Table 2. Some challenging cases for toponyms extraction in semi-formal text (toponyms are written in bold).

Fig. 2.

Results of Stanford NER models applied on semi-formal text of holiday property description.

Semi-formal text is text lacking the formal structure of the language but follows some pattern or format like product descriptions and advertisements. Although semi-formal text involves some regularity in representing information, this regularity implies some challenges.

In Table 2, cases 1 and 2 show two examples for true toponyms included in a holiday description. Any machine learning approach uses cases 1 and 2 as training samples will annotate ‘Airport’ as a toponym following the same pattern of having a capitalized word followed by a number and the word ‘km’. Furthermore, the state-of-the-art approaches performs poorly on this type of text. Figure  2 shows the results of the application of three of the leading Stanford NER models⁵ on a holiday property description text (see Fig. 1). Regardless of NE classification, even the extraction (determining if a phrase represents a NE or not) is performing poorly. Problems vary between (a) extracting false positives (like ‘Electric’ and ‘Trips’ in Fig. 2a); or (b) missing some true positives (like ‘Sehora da Rocha’ in Fig. 2b, c); or (c) partially extracting the NE (like ‘Sehora da Rocha’ in Figs. 2a and ‘Armacao de Pera’ in Fig. 2b).

Fig. 3.

Traditional approaches versus our approach for NEE and NED.

4 General Approach

Natural language processing (NLP) tasks are commonly composed of a set of chained sub tasks that form the processing pipeline. The residual error produced in these sub tasks propagates, affecting the final process results. In this paper we are concerned with NEE and NED which are two common processes in many NLP applications.

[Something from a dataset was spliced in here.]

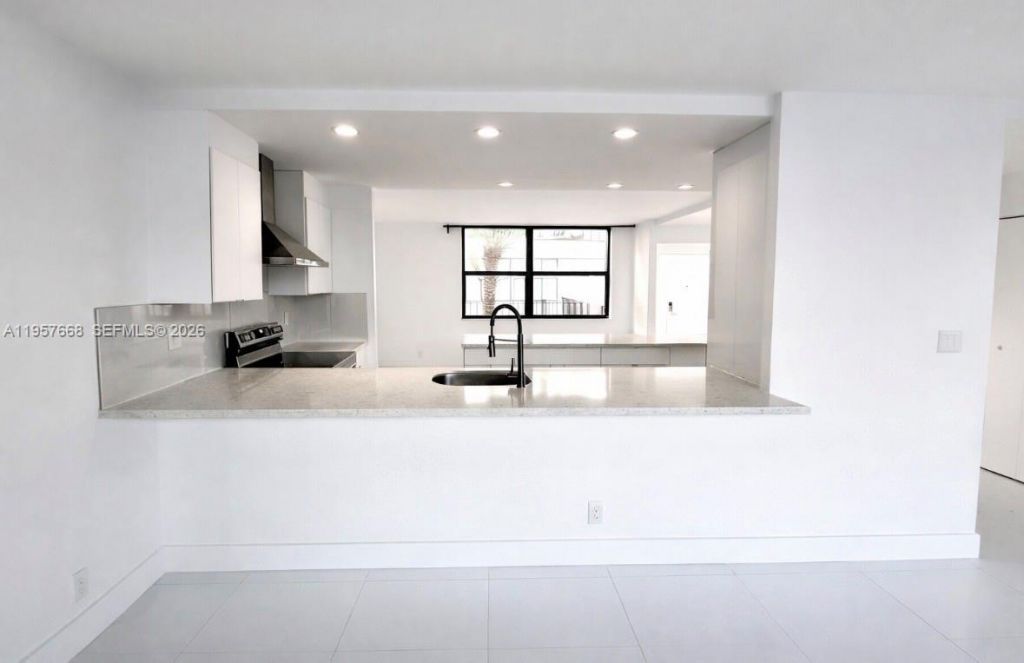 20441 NE 30th Ave, Unit 412-9, Aventura, FL 33180 Photo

Let us first formalize the NEE and NED problems. Given a sequence of words (tokens) \(\{w\}=\{w_1, w_2, .. w_n\}\), NEE is the process of identifying sub-lists of words that represents mentions of NEs where mention \(\{m\}=\{w_i, w_{i+1}, .. w_j\}\). The process of NED is to assign \(m\) to one of its possible entities \(\{e\}=\{e_1, e_2, .. e_n\}\). The final output of the two processes is list of pairs \((m,e)\). Figure 4 shows the formalization of the two problems.

We claim that feedback derived from disambiguation would help in improving the extraction and hence the disambiguation. This is the same way we as humans understand text. The capability to successfully understand language requires one to acquire a range of skills including syntax, semantics, and an extensive vocabulary. We try to mimic a human’s way of reasoning to solve the NEE and NED problems. Consider the tweet in Table 1 case 1. One would use syntax knowledge to recognize ‘10/13/2010’ as a date. Furthermore, prior knowledge enables one to recognize ‘Lady Gaga’ and ‘Helsinki’ as a singer name and location name respectively or at least as names if one doesn’t know exactly what they refer to. However, the term ‘Speechless’ involves some ambiguity as it could be an adjective and also could be a name. A feedback clue from ‘Lady Gaga’ would increase one’s certainty that it refers to a song. Even without knowing that ‘Speechless’ is a song of ‘Lady Gaga’, there are sufficient clues to guess with quite high probability that it is a song. The pattern ‘live @’ in association with disambiguating ‘Lady Gaga’ as a singer name and ‘Helsinki’ as a location name, leads to infer ‘Speechless’ as a song.

Although the logical order for a traditional Information Extraction (IE) system is to complete the extraction process before commencing the disambiguation, we start with an initial phase of extraction which aims to achieve high recall (find as many reasonable mention candidates as possible) then we apply the disambiguation for all the extracted possible mentions. Finally we filter those extracted mention candidates into true positives and false positives using features (clues) derived from the results of the disambiguation phase such as KB information and entity coherency. Figure 3 illustrates our general approach.

Fig. 4.

Formalization of NEE and NED problems

Unlike NER systems which extract entities mentions and assign them to one of the predefined categories (like location, person, organization), we focus first on extracting mentions regardless of their categories. We leave this classification to the disambiguation step which links the mention to its real entity.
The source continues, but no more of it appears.